● **Try it**:
Print out every line of the material exactly. Include no pictures.

● **Supplied material**:
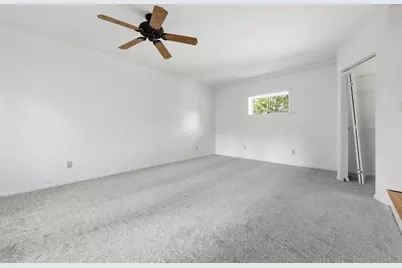 101 Buhlmont Dr, Leet Township, PA 15143 - Photo 25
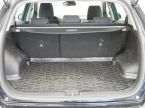 Kia Sportage - fotka číslo 24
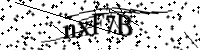 Please type the letters below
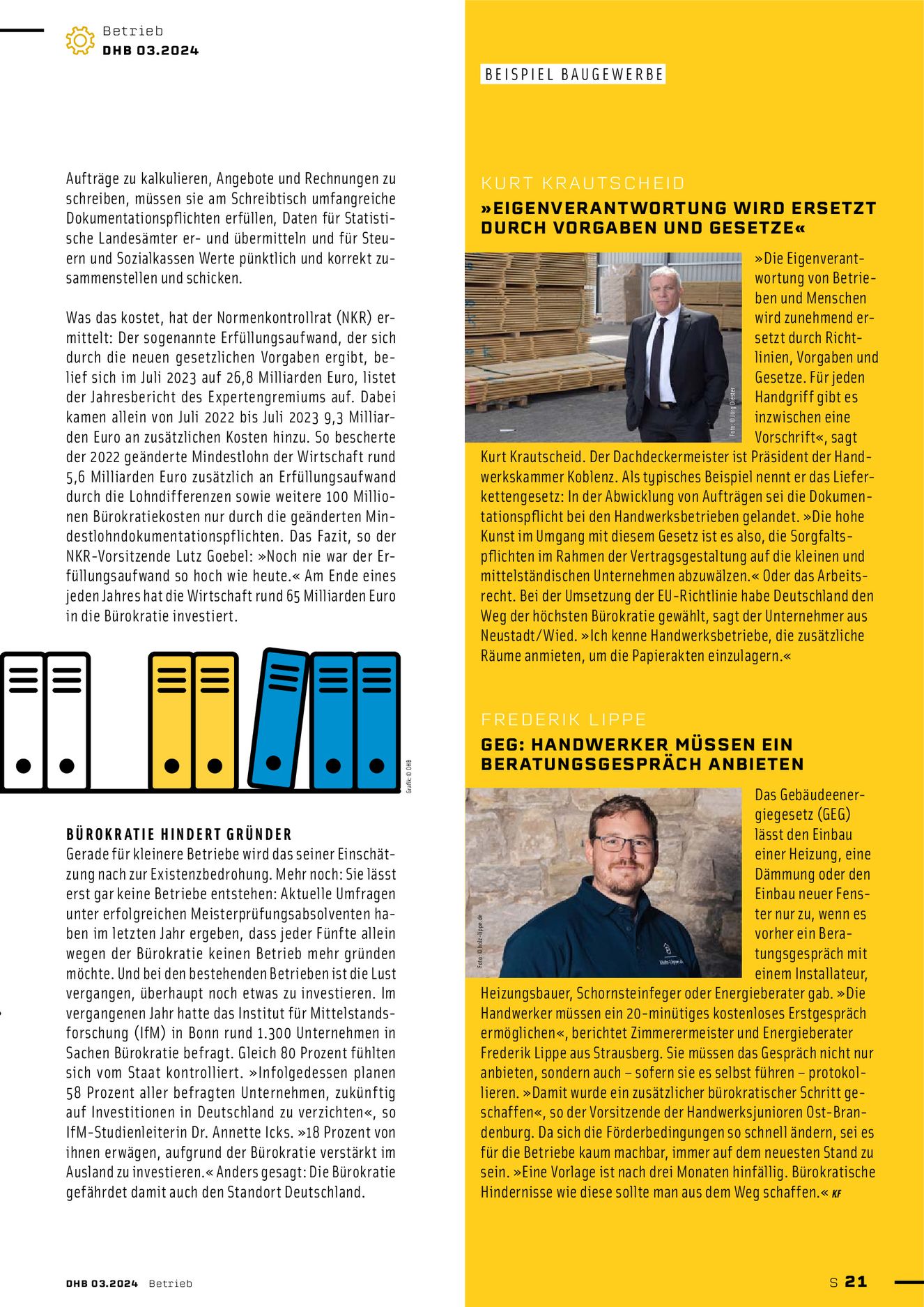 Verlagsanstalt Handwerk GmbH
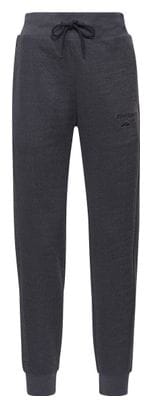 Pantalon femme Reebok Textured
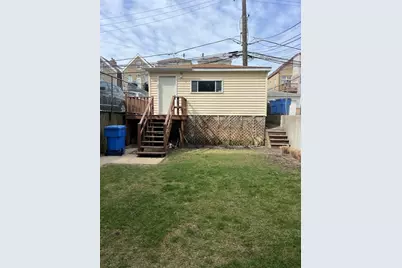 1340 N Cleaver Street, Chicago, IL 60642 - Photo 7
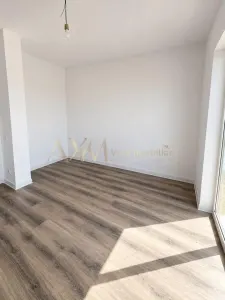 Vanzare apartament 3 camere Giroc - foto 6
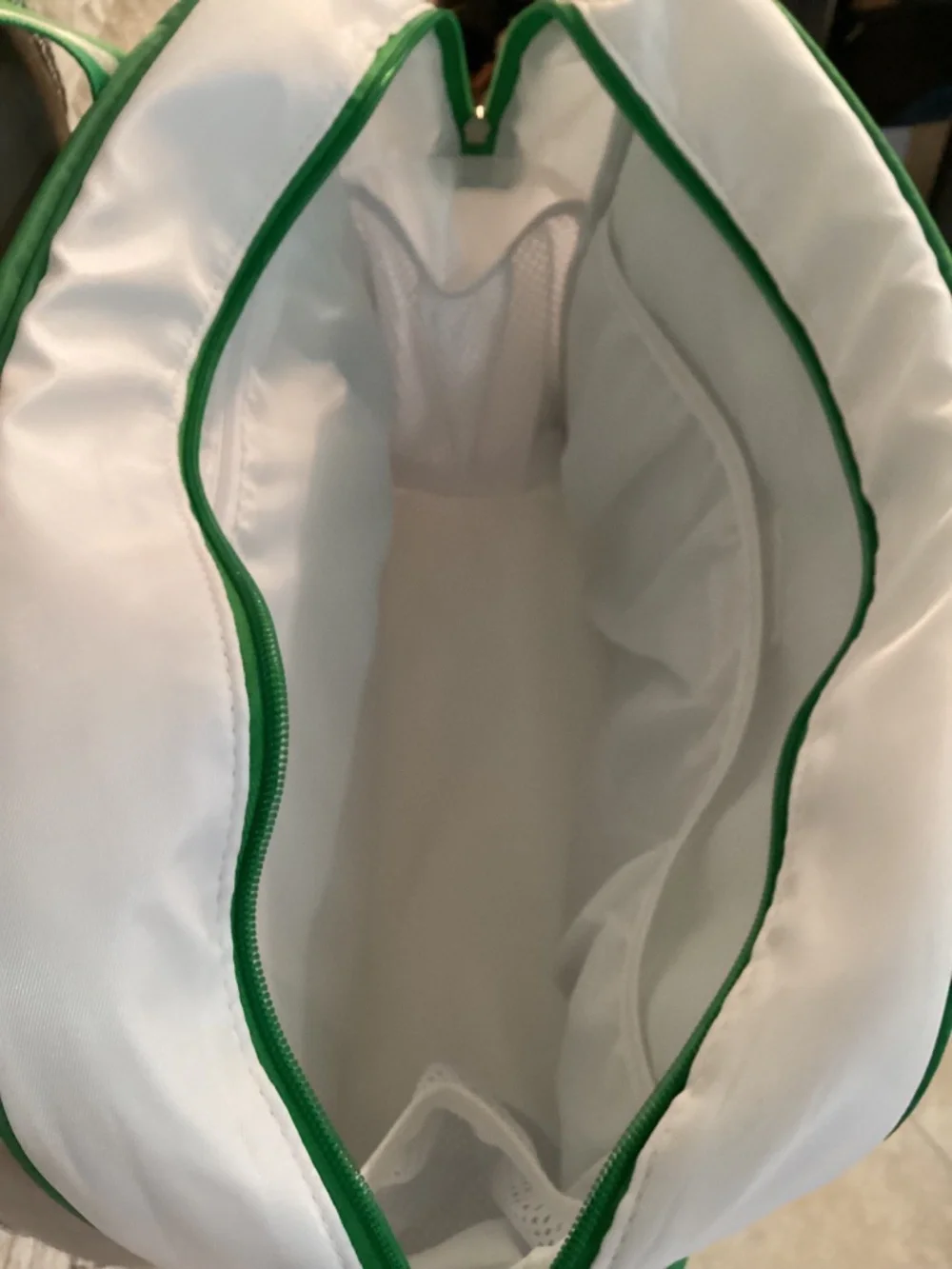 Royal Fair Pickleball Bag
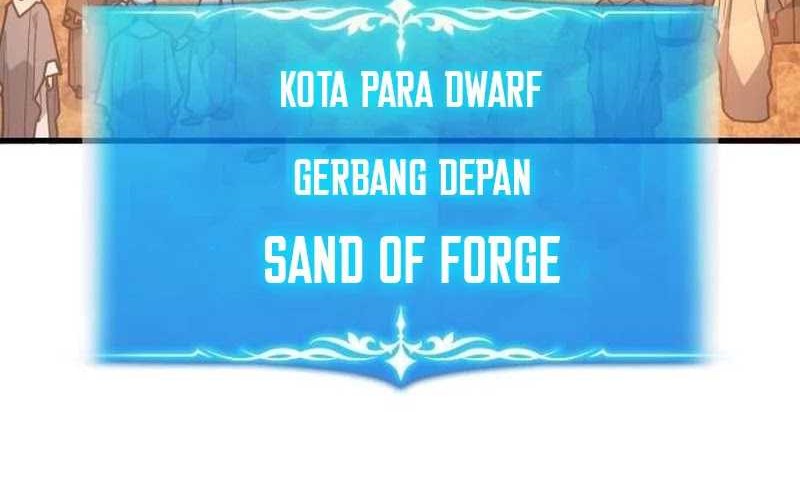 The Game’s Top Troll Chapter 72 Gambar 24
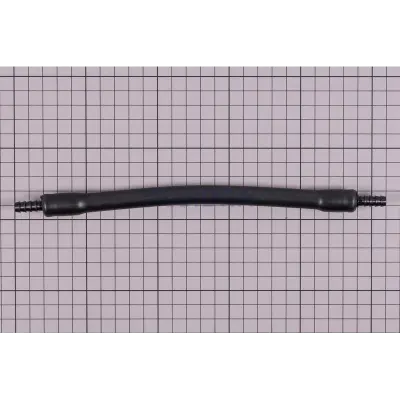 Tube santoprène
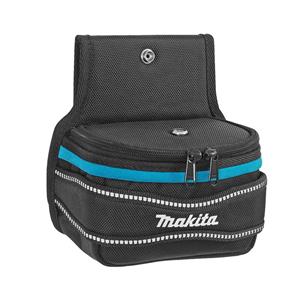 Makita Canvas Pouch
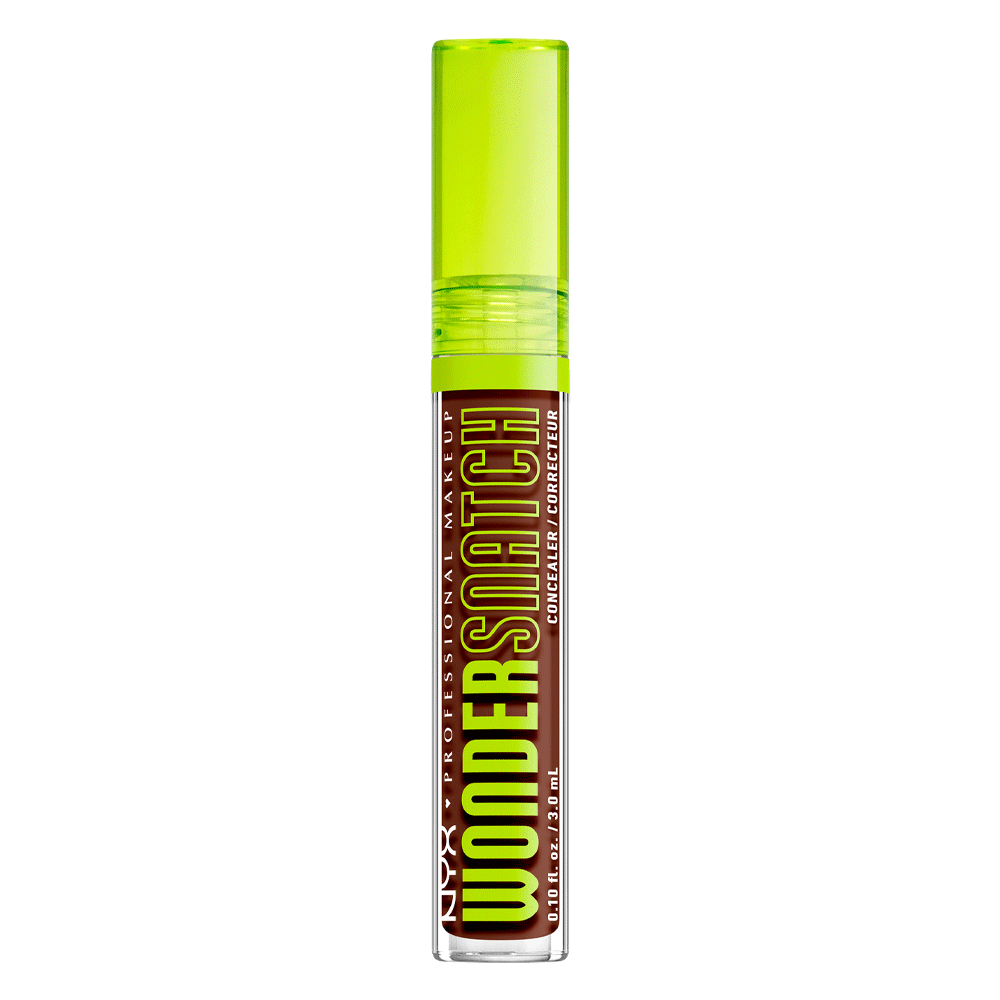 Bild: NYX Professional Make-up Wonder Snatch Concealer 28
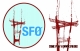 main_sf0postcard17763.jpg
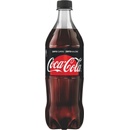 Coca Cola Zero 1 l
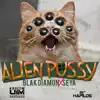 Stream & download Alien Pussy - Single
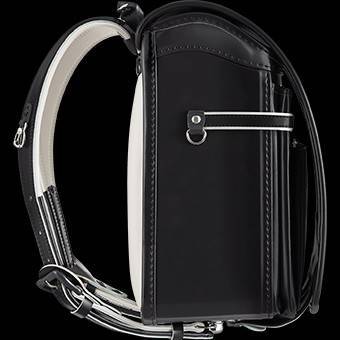 f:id:xoyu-nxo:20220218230547j:image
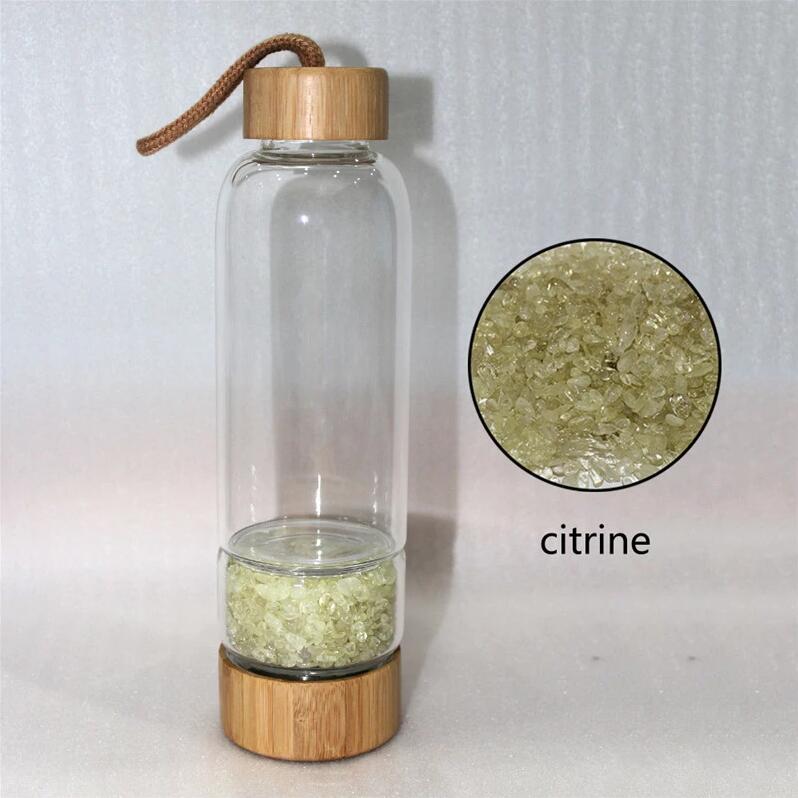 Citrine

● **Answer space**:
 101 Buhlmont Dr, Leet Township, PA 15143 - Photo 25
 Kia Sportage - fotka číslo 24
 Please type the letters below
 Verlagsanstalt Handwerk GmbH
 Pantalon femme Reebok Textured
 1340 N Cleaver Street, Chicago, IL 60642 - Photo 7
 Vanzare apartament 3 camere Giroc - foto 6
 Royal Fair Pickleball Bag
 The Game’s Top Troll Chapter 72 Gambar 24
 Tube santoprène
 Makita Canvas Pouch
 Bild: NYX Professional Make-up Wonder Snatch Concealer 28
 main_sf0postcard17763.jpg
 Coca Cola Zero 1 l
 Stream & download Alien Pussy - Single
 f:id:xoyu-nxo:20220218230547j:image
 Citrine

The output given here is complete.